Viewed by Larry Gleeson.
The Love Witch is the second feature film from Anna Biller and it recently received distribution from Oscilloscope Laboratories. Oscilloscope Laboratories is scheduled to release The Love Witch in 35mm in Los Angeles at the Landmark Nuart on November 11th and in New York on November 18th, with additional screenings in select theaters across the country.
Biller’s first feature was Viva (2007), a dramedy musical about two Los Angeles suburbanites who experiment with drugs, sex and bohemia in the 1970’s. Both films are shot in 35mm. Biller wrote, directed and produced The Love Witch and also made many of the props and paintings and is credited with Costuming and Production Design. Biller also devoted time and efforts to the film’s musical score and composition and has quickly become known for using classic and outdated film genres to communicate the feminine role within contemporary culture. Interestingly, with The Love Witch Biller creates a visual style that pays tribute to the Technicolor thrillers of the 1960’s while exploring aspects of female fantasy along with the repercussions of pathological narcissism.
In the film’s opening, blood-red, gothic text provides introductory credits. Soon we see the film’s protagonist Elaine, a stunningly, good-looking young witch, played by the svelte Samantha Robinson, driving in a mint-condition, red mustang convertible from the mid-to-late 1960’s. An inner voice-over narration informs the viewer Elaine is leaving the city (San Francisco) driving into the redwoods where no one will know her. A flashback to the scene of her former husband Jerry’s death and more voice-over indicate Elaine suffered a nervous breakdown after he “left her” and she’s under suspicion.
As Elaine is driving the Mustang convertible in the first scene Biller appears to pay homage to Hitchcock’s Psycho with some nice camera work from cinematographer M. David Mullen with a police cruiser appearing in the rear view mirror coupled with a closeup of an eyeball. Other closeups are provided in this sequence of a Tarot deck and a heart card with swords through it as well as an opened pack of cigarettes. It becomes quite clear Elaine is hell-bent on having a man to love her.
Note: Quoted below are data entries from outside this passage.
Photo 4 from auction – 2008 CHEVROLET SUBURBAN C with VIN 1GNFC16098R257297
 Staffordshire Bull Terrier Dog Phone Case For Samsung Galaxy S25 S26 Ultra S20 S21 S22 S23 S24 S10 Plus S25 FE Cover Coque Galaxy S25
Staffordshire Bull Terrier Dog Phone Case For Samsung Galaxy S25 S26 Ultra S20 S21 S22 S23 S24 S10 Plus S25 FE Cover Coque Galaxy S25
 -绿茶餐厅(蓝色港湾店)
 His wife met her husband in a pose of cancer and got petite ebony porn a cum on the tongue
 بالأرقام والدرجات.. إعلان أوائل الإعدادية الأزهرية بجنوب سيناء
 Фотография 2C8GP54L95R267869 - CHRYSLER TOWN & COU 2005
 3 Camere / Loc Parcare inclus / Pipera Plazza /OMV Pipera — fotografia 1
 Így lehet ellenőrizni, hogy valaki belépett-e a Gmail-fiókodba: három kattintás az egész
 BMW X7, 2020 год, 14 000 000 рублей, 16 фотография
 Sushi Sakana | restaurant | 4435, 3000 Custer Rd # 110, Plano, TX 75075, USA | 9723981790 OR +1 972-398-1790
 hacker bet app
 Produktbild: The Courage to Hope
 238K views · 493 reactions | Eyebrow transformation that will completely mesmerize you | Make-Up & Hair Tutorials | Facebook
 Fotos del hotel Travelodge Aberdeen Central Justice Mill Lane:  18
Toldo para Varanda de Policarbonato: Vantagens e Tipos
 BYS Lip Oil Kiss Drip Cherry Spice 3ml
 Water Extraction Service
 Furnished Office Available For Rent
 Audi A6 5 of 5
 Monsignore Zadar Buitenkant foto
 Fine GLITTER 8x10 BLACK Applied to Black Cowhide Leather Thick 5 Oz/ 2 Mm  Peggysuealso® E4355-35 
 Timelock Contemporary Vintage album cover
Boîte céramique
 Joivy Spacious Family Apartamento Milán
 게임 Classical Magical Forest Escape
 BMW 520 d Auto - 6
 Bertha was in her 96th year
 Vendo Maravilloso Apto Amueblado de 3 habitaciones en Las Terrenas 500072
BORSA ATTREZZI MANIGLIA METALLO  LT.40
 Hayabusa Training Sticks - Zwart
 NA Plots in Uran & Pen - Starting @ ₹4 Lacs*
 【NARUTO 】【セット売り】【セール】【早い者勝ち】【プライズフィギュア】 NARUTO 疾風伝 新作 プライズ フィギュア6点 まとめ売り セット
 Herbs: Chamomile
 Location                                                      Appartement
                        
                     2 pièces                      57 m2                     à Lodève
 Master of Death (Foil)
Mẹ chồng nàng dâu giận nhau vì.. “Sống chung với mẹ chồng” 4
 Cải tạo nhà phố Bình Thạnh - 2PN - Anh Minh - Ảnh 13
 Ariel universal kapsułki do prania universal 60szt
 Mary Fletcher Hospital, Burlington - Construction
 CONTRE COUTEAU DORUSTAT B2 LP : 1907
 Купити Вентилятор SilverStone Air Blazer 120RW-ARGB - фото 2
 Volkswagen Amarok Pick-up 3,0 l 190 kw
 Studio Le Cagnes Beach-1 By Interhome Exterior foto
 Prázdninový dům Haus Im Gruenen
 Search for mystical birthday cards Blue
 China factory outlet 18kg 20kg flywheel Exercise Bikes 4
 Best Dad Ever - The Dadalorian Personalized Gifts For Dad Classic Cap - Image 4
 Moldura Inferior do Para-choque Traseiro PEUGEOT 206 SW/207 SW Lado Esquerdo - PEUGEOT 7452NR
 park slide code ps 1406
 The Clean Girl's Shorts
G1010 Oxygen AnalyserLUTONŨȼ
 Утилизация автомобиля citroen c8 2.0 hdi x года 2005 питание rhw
Without much adieu, Elaine moves into a small-town (presumably in or near Eureka, California) and holes up in a three-story, royal purple Victorian home. Her friend Barbara, another witch, played by Jennifer Ingrum, has made available an apartment space within. The apartment décor seemed rather peculiar to the interior decorator, Trish, played by Laura Waddell, who welcomed Elaine and showed her the place. Trish commented she had decorated the apartment with the peculiar color scheme from a soft tarot deck while Barbara and “her students” provided the occult paintings and other similarly styled wiccan décor adornments.
Biller makes an interesting choice with her filmmaking in the next scene as she makes a leap, or jump cut, to a lavish Victorian Tea Room for Ladies Only after Elaine said she’d only need a moment to freshen up. The costuming and visual colors are alluring and highly feminine complete with a golden-haired harpist maiden and large pastel-colored hats. Here Elaine reveals she has fairy princess fantasies and that all women are just little girls underneath with dreams of a prince carrying them off on a white horse. Trish agrees she has those fantasies too – commenting about how ridiculous it all is. After a slight pause Elaine confides she doesn’t think she’s found her Prince Charming yet. However, she believes she’s discovered the formula as she’s been studying parapsychology and now knows everything there is to know about men.
Her “formula” are spells and potions she conjures up in her apartment. She then proceeds to pick up her unsuspecting male victims, seduce them and leaves them forlorn and hapless. Finally, she at last meets her Prince Charming. However, her overriding and desperate need to be loved drives her to the edge of insanity and to murder.
The Love Witch is a beautifully lush film with its lavish, fetish costuming and meticulous set designs. It also has a 1960’s look and feel despite its contemporary setting and it makes extensive use of high-key lighting as it delves into female culturally defined roles with entrancing scene work. These filmmaking techniques and production design attributes allow Biller to encode feminist ideas within the frames of cinematic aesthetics and visual pleasure. And even though Biller was making a film for women, I can tell you after seeing this film, it’s a film made for men, too, with what could arguably have the longest running female tampon joke. The Love Witch is wholeheartedly recommended and dare I say…. “a film to die for.” It’s intriguing and, in my opinion, it’s fun!
Again, the film will be screening in Los Angeles at the Landmark Nuart on November 11th and in New York on November 18th, with additional screenings in select theaters across the country. Hope to see you there.